Soviet KGB Activities in India

    The KGB’s 7th Directorate was focused on surveillance of Russian citizens abroad. India was a major priority for both the American CIA and Soviet KGB in the 1970s and 1980s. Most of their work focused on steering government policy and popular opinion through influence operations, such as printing articles and publications favorable to one country or the other. During the 1970s the KGB had more agents in place in India than in any other third-world nation. 

    Declassified CIA documents reveal that through the mid-1980s, the KGB successfully emplaced more than 1,600,000 articles in various papers of the Indian press, which at the time was considered to be the freest press in the entire Third World. The Soviets gained such complete access that amongst themselves they began referring to it as the “Press TASS of India”, TASS being the official Soviet news agency headquartered in Moscow. 

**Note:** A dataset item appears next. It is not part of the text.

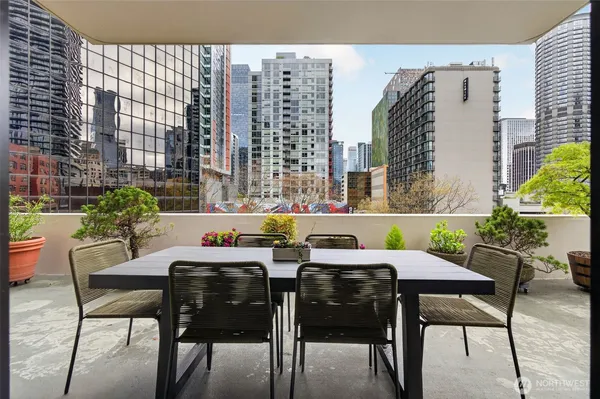 $499,000 | 2100 3rd Avenue, Unit 405, Seattle, WA 98121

    The KGB was estimated to have 100 times more influence over the Indian press than they exercised over press outlets in NATO countries. The KGB also covertly financed the publication of books and distributed more than 25,000,000 magazines and pamphlets; all of which portrayed the Soviet Union in a positive light. 

    The Mitrokhin Archive, an extensive collection of handwritten notes by a KGB archivist written over the course of 30 years, revealed in 1992 the fullest picture yet of KGB activities in India. Among them were the near-complete control over Indian Prime Minister Indira Gandhi, India’s first female prime minister who held office two times until her assassination in 1984.

    When she first accompanied her father (himself the Prime Minister of India at the time) to the Soviet Union in 1953 just after the death of Josef Stalin, the KGB made sure to surround her with handsome, attentive male admirers and make her feel as welcome and appreciated as possible. According to the archive, the KGB referred to her by the code name Vano. In later years, after strengthening their hold over her, Soviet agents regularly delivered suitcases full of cash to the Prime Minister’s residence, although she never even bothered to return the empty cases. 

    The KGB also worked hard on gaining influence over local cultural groups and spreading disinformation about the true interests and intentions of official US policy towards India. These included operations to link the United States to the assassination of Indira Gandhi and planting false stories that the US Ambassador to the United Nations was working on a plan to balkanize India.  

    In fact, through the 1970s, the KGB spent so much money and exercised so much control that they were practically the dominant force in Indian politics and government. At one time the CIA estimated there were approximately 50-80 KGB and GRU agents in country. A relatively small number of highly capable agents were able to wield tremendous influence over one of the largest countries in the world.